The convergence of the top platforms in IMSA and the ACO (sanctioning body for WEC) will allow the series to cross over at Daytona and Le Mans for the first time in decades, harkening back to the “Ford v. Ferrari” era and helping cement Lamborghini’s LMDh decision.

“Absolutely, because it’s the first time that we have a real cooperation between IMSA and ACO to have at least two LMDh cars on a global platform where you can use this kind of car in the entire world,” he said. “This is fundamental for us because we consider ourselves global players. It’s fundamental to invest money in something you can use and capitalize globally.”

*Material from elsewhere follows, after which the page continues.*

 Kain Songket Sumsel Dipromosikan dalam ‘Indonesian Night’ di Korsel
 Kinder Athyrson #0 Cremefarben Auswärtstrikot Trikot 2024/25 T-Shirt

With Porsche entering the IMSA GTP category next season with Team Penske, Lamborghini’s arrival will mark two brands under the Volkswagen Auto Group umbrella. Sanna said Lamborghini will work independent of Porsche.

“It’s fundamental within the group,” he said. “Everyone is under the same umbrella to share the strategy and needs of each company and each brand, and we have the freedom to take our decision that has to be shared inside the group, but we are independent, and for this reason also, we decided to develop a standalone project. Because we aren’t looking to do motorsport just to put a badge on the car but really to learn, to experience and to grow, bringing technical know-how and competence in house. That’s the key factor of doing motorsport.”